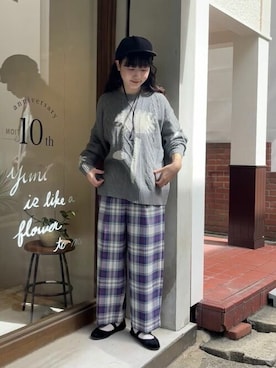 ﾆ ｼ ﾜ ｷ  ｼ ﾎさんのコーディネート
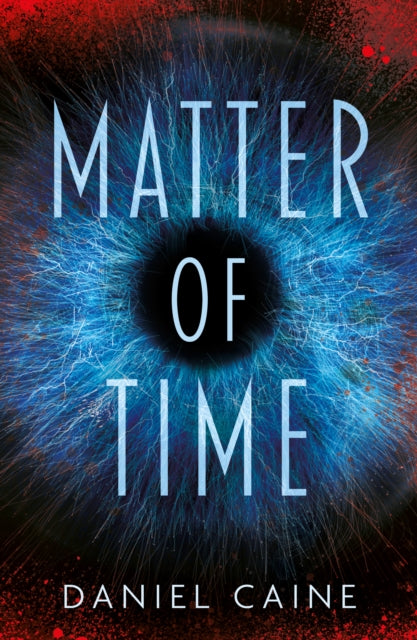 Book cover of: MATTER OF TIME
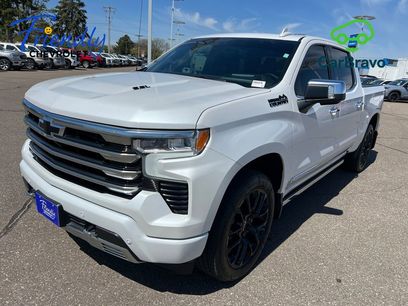 Certified 2023 Chevrolet Silverado 1500 High Country w/ High Country Premium Package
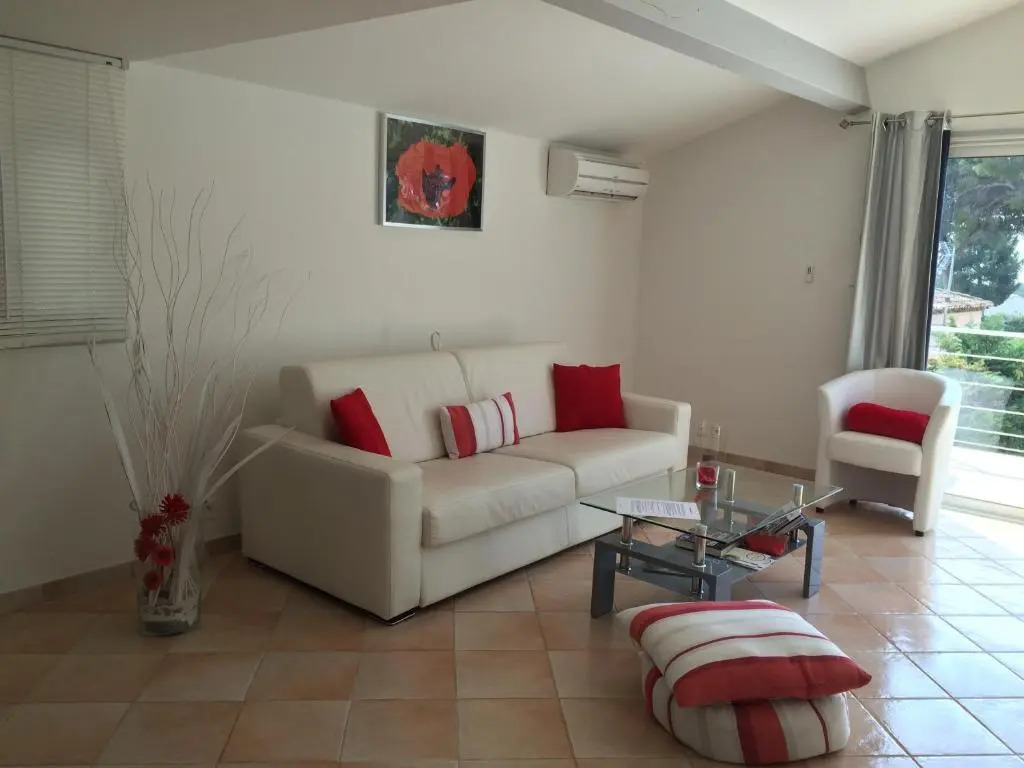 Le Petit Cassis Vue Mer Appartement 70m2 Piscine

== Your objective ==
Wherever a picture appears in the listing above, drop it, and restate the rest exactly.

== Response to the task ==
 ﾆ ｼ ﾜ ｷ  ｼ ﾎさんのコーディネート
 Book cover of: MATTER OF TIME
 Certified 2023 Chevrolet Silverado 1500 High Country w/ High Country Premium Package
 Le Petit Cassis Vue Mer Appartement 70m2 Piscine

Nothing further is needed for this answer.